Personal information
- Born: 25 December 1939 (age 86) Beirut, Lebanon
- Height: 1.7 m (5 ft 7 in)
- Weight: 64 kg (141 lb)

Team information
- Discipline: Road; Track;
- Role: Rider

= Tarek Abou Al Dahab =

Lebanese cyclist (born 1939)

Tarek Abou Al Dahab (born 25 December 1939) is a Lebanese former cyclist. He competed at the 1968 Summer Olympics and the 1972 Summer Olympics.
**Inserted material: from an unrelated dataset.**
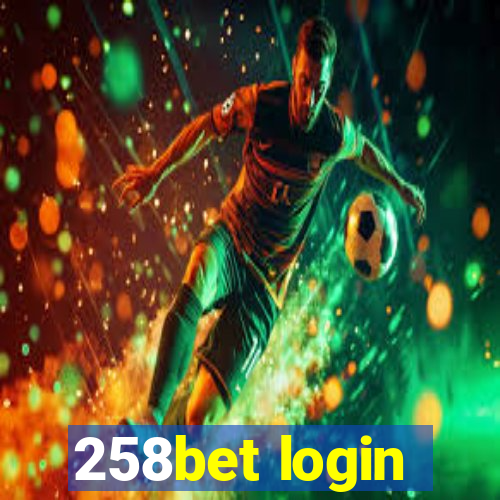 258bet login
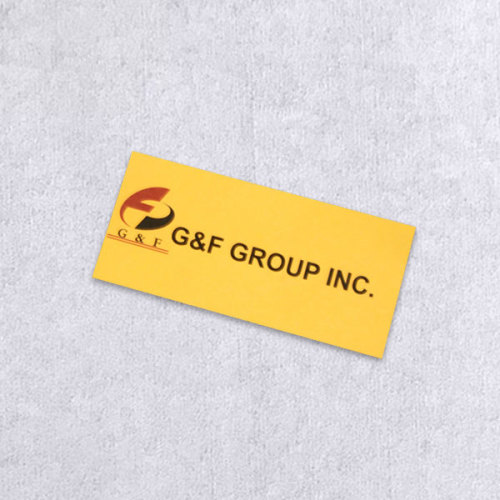 Fully Biodegradable Spunlace Nonwoven Fabric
Al Dahab took an interest in cycling from a young age. He participated in his first races in approximately 1956. In 1959, he finished sixth in the road race at the Mediterranean Games behind five Spaniards. After this performance, he was noticed by cyclists from the French team, who urged him to come and race in France. He raced for several seasons as an amateur in Paris while holding a job at a post office. He won the Prix de Clermont-Ferrand in 1961, and a race held in Évreux in 1963. He also finished 34th in the UCI amateur world road race championships in 1962, and eighth in a stage of the Peace Race in 1964. At the end of 1965, he returned to Lebanon, where he opened his own bicycle shop and was crowned national champion five times on both the road and track. He then took part in the 1968 and 1972 Olympic Games, where he competed on the road and track.